## WHAT IS NEEDED:
The full listing needs to be output exactly.

## EXCERPTED RECORDS:
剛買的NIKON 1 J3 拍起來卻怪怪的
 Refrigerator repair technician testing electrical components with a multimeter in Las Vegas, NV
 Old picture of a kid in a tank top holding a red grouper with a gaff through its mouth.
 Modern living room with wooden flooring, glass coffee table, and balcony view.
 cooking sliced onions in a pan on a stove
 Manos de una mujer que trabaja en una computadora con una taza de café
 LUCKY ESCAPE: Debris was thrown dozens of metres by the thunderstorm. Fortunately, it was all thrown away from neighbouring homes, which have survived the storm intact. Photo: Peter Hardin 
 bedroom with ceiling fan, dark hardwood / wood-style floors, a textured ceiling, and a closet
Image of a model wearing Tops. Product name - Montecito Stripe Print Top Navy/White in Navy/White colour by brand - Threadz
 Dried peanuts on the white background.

## WRITTEN SOLUTION:
剛買的NIKON 1 J3 拍起來卻怪怪的
 Refrigerator repair technician testing electrical components with a multimeter in Las Vegas, NV
 Old picture of a kid in a tank top holding a red grouper with a gaff through its mouth.
 Modern living room with wooden flooring, glass coffee table, and balcony view.
 cooking sliced onions in a pan on a stove
 Manos de una mujer que trabaja en una computadora con una taza de café
 LUCKY ESCAPE: Debris was thrown dozens of metres by the thunderstorm. Fortunately, it was all thrown away from neighbouring homes, which have survived the storm intact. Photo: Peter Hardin 
 bedroom with ceiling fan, dark hardwood / wood-style floors, a textured ceiling, and a closet
Image of a model wearing Tops. Product name - Montecito Stripe Print Top Navy/White in Navy/White colour by brand - Threadz
 Dried peanuts on the white background.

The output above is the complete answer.